(Instructions for the task) In the material below, find the line containing "GEOMORFOLOGÍA.pdf" and the line containing "105 Shaggy Cir, Palatka, FL", then reproduce exactly both of them and every line between, and nothing else.

(The data)
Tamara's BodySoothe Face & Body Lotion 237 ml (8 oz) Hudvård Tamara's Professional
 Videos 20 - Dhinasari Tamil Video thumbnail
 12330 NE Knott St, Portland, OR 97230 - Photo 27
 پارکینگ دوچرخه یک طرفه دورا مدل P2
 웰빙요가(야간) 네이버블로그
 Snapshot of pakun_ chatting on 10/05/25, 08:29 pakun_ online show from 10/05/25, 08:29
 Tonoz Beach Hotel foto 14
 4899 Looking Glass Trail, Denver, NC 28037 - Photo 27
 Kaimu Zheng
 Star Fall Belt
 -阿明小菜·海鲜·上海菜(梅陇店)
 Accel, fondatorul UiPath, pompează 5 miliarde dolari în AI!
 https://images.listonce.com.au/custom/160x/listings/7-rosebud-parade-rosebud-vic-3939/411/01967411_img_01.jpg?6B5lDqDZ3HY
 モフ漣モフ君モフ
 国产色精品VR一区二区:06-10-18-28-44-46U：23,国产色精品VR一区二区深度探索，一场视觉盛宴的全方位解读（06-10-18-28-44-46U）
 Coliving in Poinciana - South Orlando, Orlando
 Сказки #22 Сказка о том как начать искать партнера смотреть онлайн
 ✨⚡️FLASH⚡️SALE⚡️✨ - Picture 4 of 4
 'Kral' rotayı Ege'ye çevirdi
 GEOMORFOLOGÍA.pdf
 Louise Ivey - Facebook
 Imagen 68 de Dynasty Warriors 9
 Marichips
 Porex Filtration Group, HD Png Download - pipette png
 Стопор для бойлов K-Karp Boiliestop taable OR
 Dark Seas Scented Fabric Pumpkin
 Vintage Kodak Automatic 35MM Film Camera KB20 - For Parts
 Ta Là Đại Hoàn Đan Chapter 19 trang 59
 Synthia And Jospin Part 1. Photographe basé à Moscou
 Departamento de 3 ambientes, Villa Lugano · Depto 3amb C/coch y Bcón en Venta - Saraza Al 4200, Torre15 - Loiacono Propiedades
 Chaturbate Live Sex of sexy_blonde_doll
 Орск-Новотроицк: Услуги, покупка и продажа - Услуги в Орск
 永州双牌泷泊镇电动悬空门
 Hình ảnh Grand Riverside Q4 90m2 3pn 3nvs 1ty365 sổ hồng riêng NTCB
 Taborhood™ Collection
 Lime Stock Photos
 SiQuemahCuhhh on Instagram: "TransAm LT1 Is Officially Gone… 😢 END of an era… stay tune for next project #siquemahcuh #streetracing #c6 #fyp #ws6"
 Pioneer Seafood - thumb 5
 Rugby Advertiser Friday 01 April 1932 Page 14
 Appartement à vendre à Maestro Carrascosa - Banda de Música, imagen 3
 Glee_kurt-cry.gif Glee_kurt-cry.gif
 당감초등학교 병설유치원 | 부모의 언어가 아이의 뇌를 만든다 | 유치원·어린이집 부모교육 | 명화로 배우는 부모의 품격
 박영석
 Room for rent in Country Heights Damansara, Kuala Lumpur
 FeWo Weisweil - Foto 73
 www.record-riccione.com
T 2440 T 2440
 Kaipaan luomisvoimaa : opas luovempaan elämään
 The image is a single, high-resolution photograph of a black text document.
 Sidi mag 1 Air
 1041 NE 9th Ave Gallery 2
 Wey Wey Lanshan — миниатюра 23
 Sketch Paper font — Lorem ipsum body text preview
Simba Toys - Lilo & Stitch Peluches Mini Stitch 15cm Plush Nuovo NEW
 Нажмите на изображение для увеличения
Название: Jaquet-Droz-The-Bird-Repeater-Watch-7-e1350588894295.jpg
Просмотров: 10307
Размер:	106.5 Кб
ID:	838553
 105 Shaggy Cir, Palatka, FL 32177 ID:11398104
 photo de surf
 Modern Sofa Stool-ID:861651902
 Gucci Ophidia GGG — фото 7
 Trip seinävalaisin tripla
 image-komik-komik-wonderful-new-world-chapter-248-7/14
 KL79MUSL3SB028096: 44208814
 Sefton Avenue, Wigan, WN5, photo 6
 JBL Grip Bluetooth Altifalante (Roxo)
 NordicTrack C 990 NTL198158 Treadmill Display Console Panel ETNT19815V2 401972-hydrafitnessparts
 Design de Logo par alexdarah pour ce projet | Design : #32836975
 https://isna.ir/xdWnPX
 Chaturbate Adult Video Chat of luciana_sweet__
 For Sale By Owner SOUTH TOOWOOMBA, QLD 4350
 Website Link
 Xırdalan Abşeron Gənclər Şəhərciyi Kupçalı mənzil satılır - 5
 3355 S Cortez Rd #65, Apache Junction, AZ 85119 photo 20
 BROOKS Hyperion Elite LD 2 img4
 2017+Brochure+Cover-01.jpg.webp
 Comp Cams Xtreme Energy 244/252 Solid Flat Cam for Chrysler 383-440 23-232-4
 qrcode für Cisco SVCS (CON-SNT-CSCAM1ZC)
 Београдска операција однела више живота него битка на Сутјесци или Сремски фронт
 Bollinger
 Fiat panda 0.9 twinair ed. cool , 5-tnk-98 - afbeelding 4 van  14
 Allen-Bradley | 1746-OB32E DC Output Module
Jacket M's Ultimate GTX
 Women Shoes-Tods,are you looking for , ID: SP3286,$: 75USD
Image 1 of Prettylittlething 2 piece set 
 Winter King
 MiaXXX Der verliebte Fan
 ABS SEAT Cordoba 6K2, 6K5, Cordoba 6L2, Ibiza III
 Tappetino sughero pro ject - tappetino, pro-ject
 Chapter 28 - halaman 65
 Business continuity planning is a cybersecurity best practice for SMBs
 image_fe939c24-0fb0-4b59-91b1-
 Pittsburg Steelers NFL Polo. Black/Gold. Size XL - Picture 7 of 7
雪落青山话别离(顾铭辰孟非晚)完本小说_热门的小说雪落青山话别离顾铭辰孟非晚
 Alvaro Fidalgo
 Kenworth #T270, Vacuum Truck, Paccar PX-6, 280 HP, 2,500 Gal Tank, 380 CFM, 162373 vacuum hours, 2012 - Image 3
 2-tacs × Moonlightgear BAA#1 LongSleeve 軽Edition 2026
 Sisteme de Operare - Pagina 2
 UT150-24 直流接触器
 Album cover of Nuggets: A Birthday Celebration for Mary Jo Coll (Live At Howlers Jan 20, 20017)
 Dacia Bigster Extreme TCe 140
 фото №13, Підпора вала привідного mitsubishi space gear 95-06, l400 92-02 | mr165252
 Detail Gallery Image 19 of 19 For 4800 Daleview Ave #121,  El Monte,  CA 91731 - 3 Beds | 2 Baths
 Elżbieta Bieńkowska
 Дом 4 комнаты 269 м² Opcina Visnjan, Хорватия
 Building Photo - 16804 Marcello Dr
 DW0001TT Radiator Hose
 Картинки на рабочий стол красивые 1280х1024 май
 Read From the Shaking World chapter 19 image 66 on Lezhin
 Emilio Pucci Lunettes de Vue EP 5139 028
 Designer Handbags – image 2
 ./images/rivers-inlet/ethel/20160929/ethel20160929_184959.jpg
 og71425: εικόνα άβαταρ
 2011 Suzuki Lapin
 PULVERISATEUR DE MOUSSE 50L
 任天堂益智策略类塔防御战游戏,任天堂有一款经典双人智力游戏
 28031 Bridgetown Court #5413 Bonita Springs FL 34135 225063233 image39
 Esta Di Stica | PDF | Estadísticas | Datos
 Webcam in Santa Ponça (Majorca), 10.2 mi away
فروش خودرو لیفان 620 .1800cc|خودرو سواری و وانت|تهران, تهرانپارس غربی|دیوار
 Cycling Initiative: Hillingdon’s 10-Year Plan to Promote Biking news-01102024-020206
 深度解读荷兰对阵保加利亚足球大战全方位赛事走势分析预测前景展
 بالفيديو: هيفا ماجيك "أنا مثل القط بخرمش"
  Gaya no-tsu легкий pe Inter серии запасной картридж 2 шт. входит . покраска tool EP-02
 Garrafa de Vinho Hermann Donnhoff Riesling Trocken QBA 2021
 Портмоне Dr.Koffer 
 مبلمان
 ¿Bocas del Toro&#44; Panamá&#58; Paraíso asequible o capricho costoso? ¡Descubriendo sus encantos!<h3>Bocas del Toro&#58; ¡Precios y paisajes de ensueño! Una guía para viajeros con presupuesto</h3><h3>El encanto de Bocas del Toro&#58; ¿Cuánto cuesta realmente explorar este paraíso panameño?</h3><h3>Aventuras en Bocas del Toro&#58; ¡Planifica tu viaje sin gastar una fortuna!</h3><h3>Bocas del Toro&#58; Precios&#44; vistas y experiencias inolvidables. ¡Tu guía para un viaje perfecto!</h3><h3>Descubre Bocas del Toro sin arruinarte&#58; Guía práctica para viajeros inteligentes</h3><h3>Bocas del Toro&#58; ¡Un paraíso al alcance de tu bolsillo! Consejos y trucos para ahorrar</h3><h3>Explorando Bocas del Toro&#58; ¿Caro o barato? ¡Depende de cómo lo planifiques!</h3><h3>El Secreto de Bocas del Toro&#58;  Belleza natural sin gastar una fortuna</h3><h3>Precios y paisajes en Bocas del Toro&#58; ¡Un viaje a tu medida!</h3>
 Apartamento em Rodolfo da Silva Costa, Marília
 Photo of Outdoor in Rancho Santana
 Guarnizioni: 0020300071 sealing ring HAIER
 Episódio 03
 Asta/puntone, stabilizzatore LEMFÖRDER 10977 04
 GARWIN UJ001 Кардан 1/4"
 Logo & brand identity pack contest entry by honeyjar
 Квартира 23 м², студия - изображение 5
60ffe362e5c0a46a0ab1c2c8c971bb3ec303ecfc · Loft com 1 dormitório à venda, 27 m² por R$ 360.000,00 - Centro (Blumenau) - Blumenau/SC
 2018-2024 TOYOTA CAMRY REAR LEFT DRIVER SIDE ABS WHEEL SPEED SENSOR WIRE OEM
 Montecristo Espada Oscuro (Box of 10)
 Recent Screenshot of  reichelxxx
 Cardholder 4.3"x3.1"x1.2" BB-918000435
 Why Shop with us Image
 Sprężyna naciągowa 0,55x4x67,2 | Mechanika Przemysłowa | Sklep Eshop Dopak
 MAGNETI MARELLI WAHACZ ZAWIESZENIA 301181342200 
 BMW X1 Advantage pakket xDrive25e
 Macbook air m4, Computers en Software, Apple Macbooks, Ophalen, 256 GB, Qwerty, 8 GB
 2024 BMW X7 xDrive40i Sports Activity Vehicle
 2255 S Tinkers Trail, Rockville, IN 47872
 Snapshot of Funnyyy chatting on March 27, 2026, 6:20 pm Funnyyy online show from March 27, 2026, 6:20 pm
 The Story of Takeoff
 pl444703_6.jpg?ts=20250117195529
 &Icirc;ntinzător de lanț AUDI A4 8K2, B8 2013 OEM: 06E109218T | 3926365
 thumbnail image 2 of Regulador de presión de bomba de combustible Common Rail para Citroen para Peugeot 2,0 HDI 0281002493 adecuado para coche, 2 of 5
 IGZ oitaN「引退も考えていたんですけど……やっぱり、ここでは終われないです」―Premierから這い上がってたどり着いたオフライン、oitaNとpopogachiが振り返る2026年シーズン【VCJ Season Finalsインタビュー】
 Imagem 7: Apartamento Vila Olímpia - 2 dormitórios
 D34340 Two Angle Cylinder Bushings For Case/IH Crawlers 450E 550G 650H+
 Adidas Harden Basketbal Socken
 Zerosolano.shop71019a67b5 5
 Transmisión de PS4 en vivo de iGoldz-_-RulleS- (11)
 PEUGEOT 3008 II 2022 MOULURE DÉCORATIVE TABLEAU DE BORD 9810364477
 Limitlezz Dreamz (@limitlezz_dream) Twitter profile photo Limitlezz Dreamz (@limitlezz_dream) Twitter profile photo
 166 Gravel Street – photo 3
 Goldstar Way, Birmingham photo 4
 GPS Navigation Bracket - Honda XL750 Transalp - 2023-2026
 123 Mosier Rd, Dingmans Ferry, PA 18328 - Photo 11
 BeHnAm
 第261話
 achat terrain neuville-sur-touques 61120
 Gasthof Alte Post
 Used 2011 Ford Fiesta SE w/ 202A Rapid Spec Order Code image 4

(Response to the task)
 GEOMORFOLOGÍA.pdf
 Louise Ivey - Facebook
 Imagen 68 de Dynasty Warriors 9
 Marichips
 Porex Filtration Group, HD Png Download - pipette png
 Стопор для бойлов K-Karp Boiliestop taable OR
 Dark Seas Scented Fabric Pumpkin
 Vintage Kodak Automatic 35MM Film Camera KB20 - For Parts
 Ta Là Đại Hoàn Đan Chapter 19 trang 59
 Synthia And Jospin Part 1. Photographe basé à Moscou
 Departamento de 3 ambientes, Villa Lugano · Depto 3amb C/coch y Bcón en Venta - Saraza Al 4200, Torre15 - Loiacono Propiedades
 Chaturbate Live Sex of sexy_blonde_doll
 Орск-Новотроицк: Услуги, покупка и продажа - Услуги в Орск
 永州双牌泷泊镇电动悬空门
 Hình ảnh Grand Riverside Q4 90m2 3pn 3nvs 1ty365 sổ hồng riêng NTCB
 Taborhood™ Collection
 Lime Stock Photos
 SiQuemahCuhhh on Instagram: "TransAm LT1 Is Officially Gone… 😢 END of an era… stay tune for next project #siquemahcuh #streetracing #c6 #fyp #ws6"
 Pioneer Seafood - thumb 5
 Rugby Advertiser Friday 01 April 1932 Page 14
 Appartement à vendre à Maestro Carrascosa - Banda de Música, imagen 3
 Glee_kurt-cry.gif Glee_kurt-cry.gif
 당감초등학교 병설유치원 | 부모의 언어가 아이의 뇌를 만든다 | 유치원·어린이집 부모교육 | 명화로 배우는 부모의 품격
 박영석
 Room for rent in Country Heights Damansara, Kuala Lumpur
 FeWo Weisweil - Foto 73
 www.record-riccione.com
T 2440 T 2440
 Kaipaan luomisvoimaa : opas luovempaan elämään
 The image is a single, high-resolution photograph of a black text document.
 Sidi mag 1 Air
 1041 NE 9th Ave Gallery 2
 Wey Wey Lanshan — миниатюра 23
 Sketch Paper font — Lorem ipsum body text preview
Simba Toys - Lilo & Stitch Peluches Mini Stitch 15cm Plush Nuovo NEW
 Нажмите на изображение для увеличения
Название: Jaquet-Droz-The-Bird-Repeater-Watch-7-e1350588894295.jpg
Просмотров: 10307
Размер:	106.5 Кб
ID:	838553
 105 Shaggy Cir, Palatka, FL 32177 ID:11398104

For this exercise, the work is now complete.